[Web page caption snippets]

+ + + + + + +

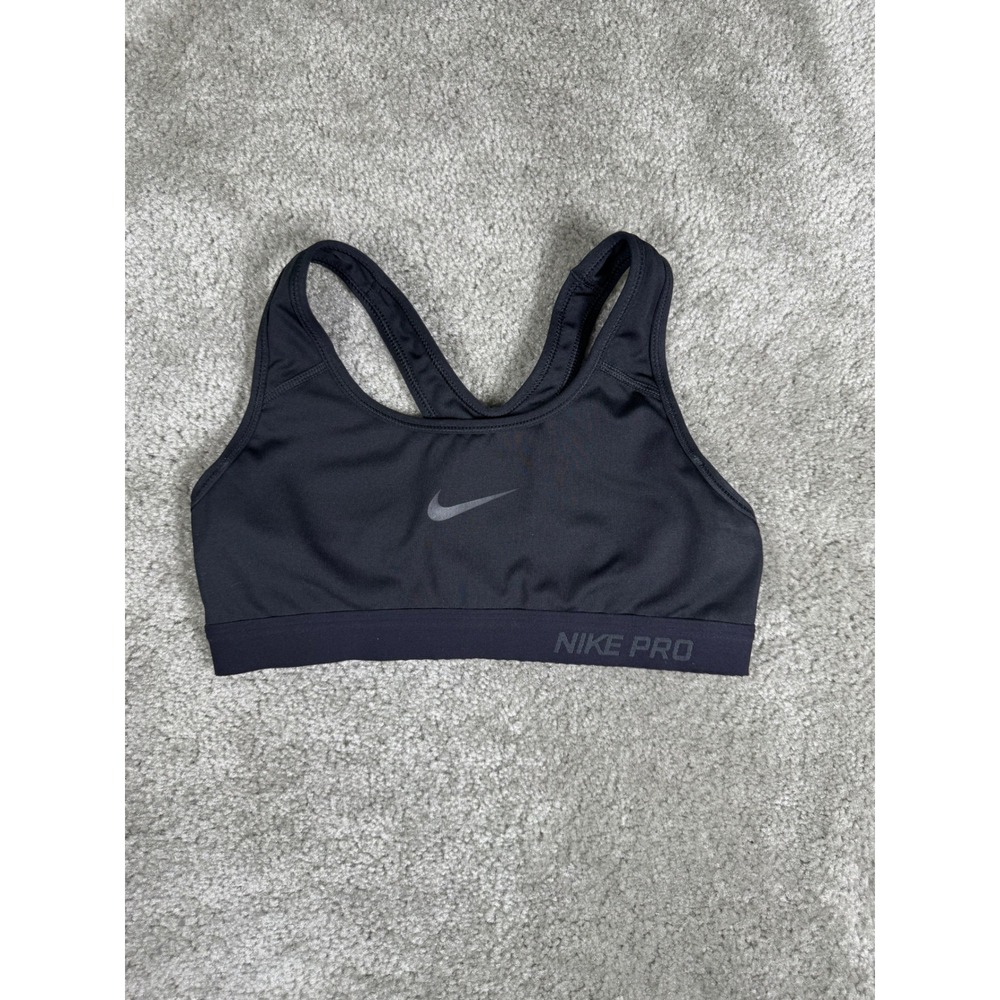 Nike Pro Dri-FIT Sports Bra Black Racerback Compression XS 2700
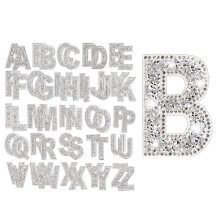 52 PièCes Autocollants Lettres Alphabet Strass Paillettes 2,4 Pouces RéSine Strass Fer sur Lettre Paillettes Autocollantes AZ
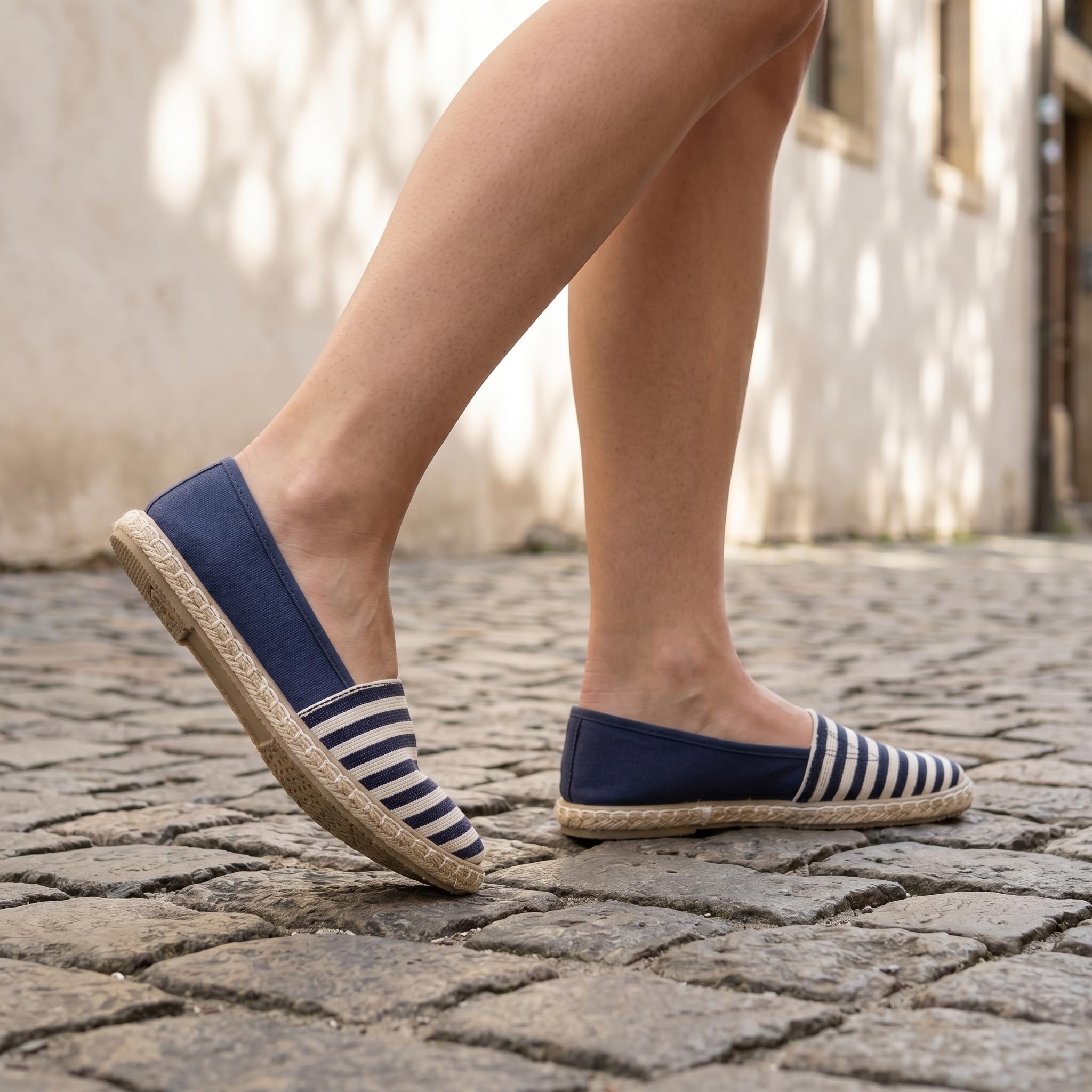 GLAMORA Alpargatas Mujer Lona a Rayas, Bailarinas Esparto Mujer Suela Goma Antideslizante, Manoletinas Planas Verano Comodas, Zapatos Slip On Mujer Ligeros Transpirables Calzado Verano Mujer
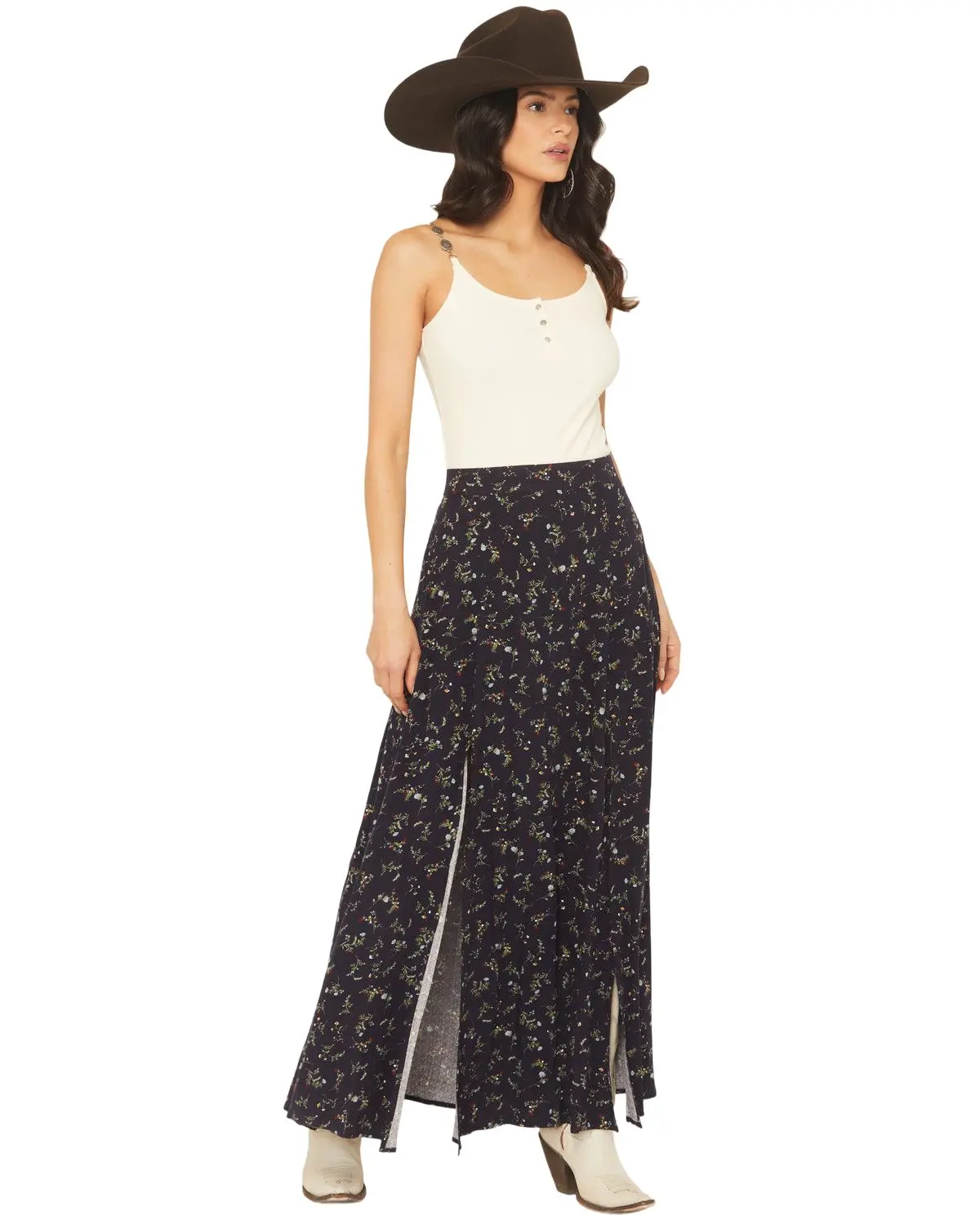 Idyllwind Women's Women'S Trinity Ditsy Floral Print Maxi Skirt - Iwfa25s3-Ind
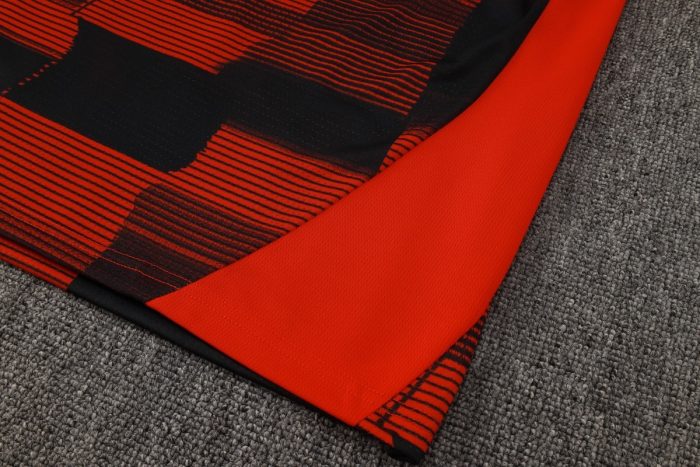 AC Milan 24-25 Short Sleeve Red Black Splatter Training T-Shirt - 图片 3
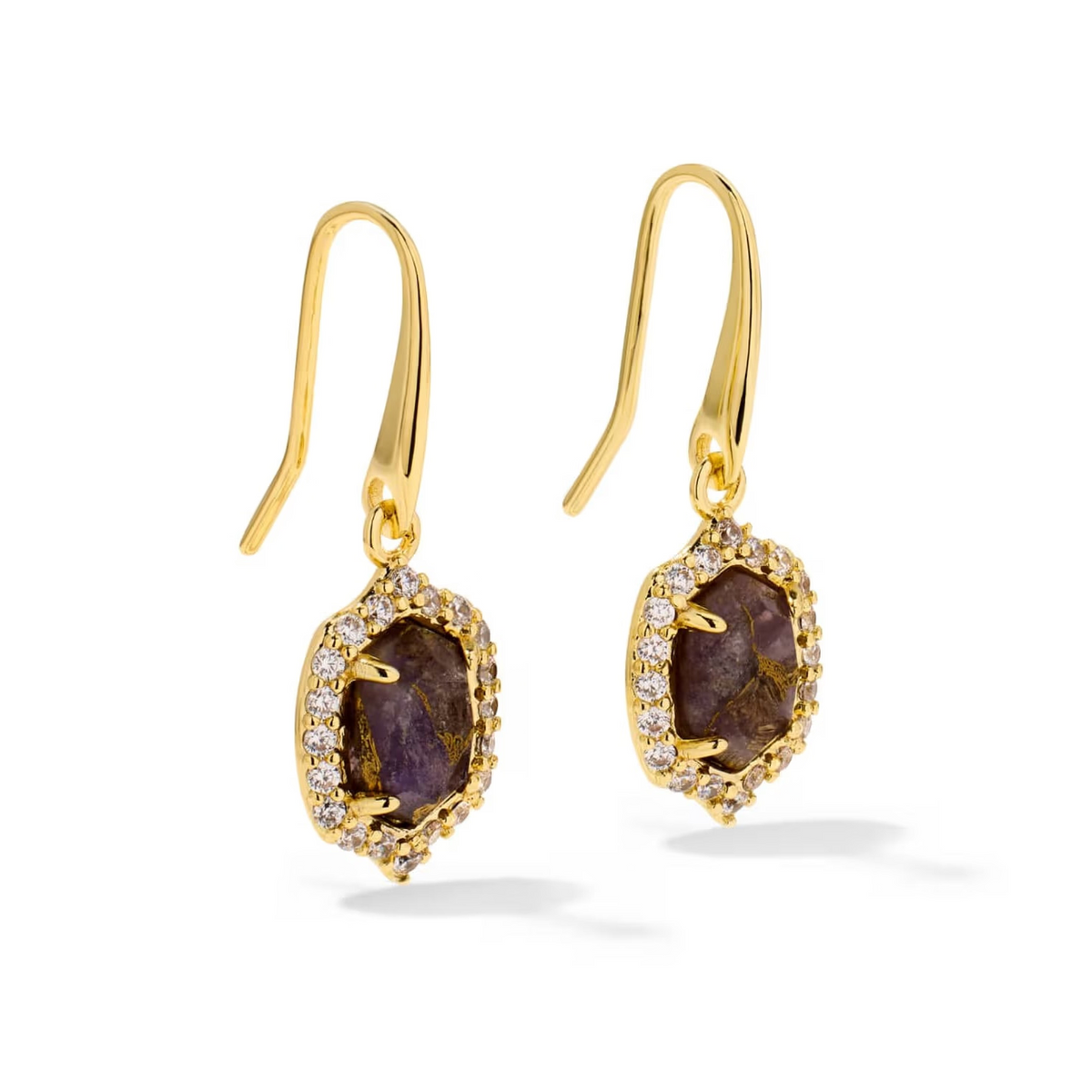 Daphne Crystal Frame Drop Earrings Gold Bronze Veined Purple Amethyst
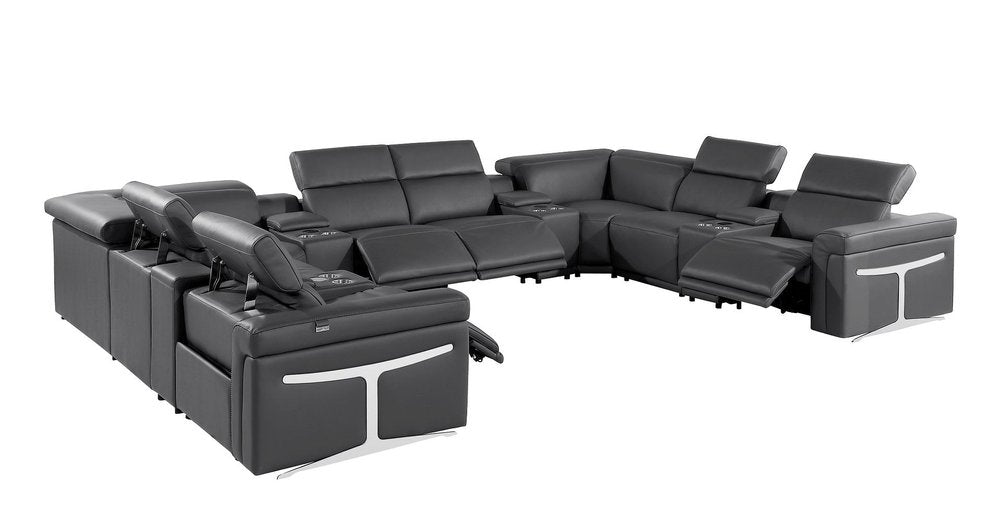 Dark Gray Italian Leather Power Reclining U Shaped Twelve Piece Sectional With Console HomeRoots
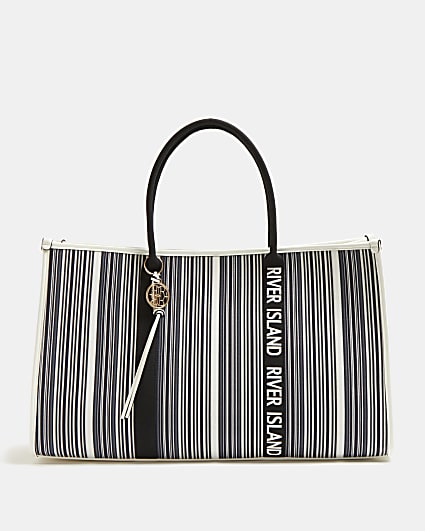 Black striped canvas shopper bag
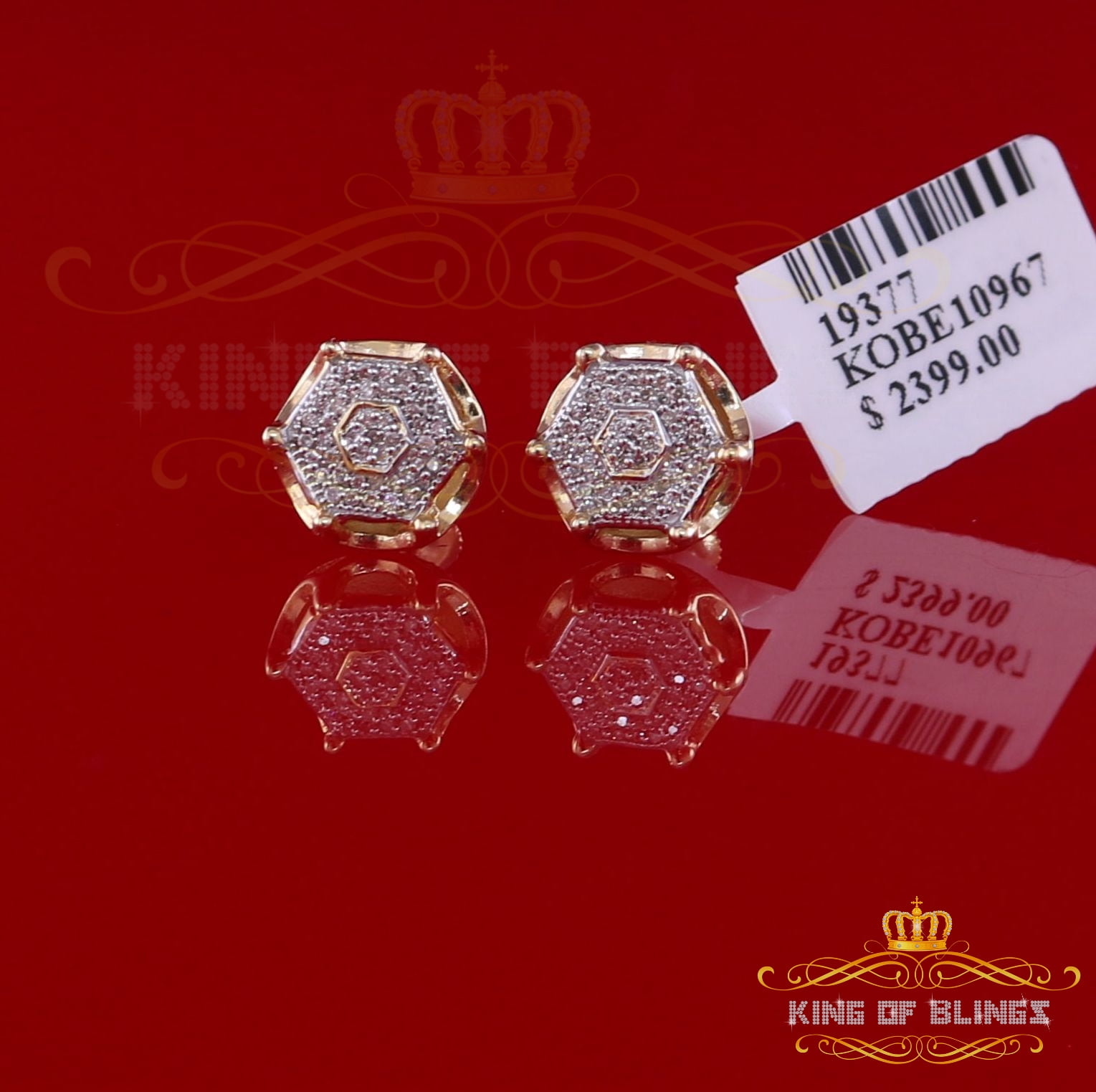 King of Bling's 10K Real Yellow Gold Real Diamond 0.20CT Men's/Women's Stud Micro Earring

+ + + + + + +

Leaving out the pictures, return exactly the lines from the one that contains "Daphne Crystal Frame" through the last line of the records above, inclusive.

## Task solution:
 Daphne Crystal Frame Drop Earrings Gold Bronze Veined Purple Amethyst
 Dark Gray Italian Leather Power Reclining U Shaped Twelve Piece Sectional With Console HomeRoots
 Black striped canvas shopper bag
 King of Bling's 10K Real Yellow Gold Real Diamond 0.20CT Men's/Women's Stud Micro Earring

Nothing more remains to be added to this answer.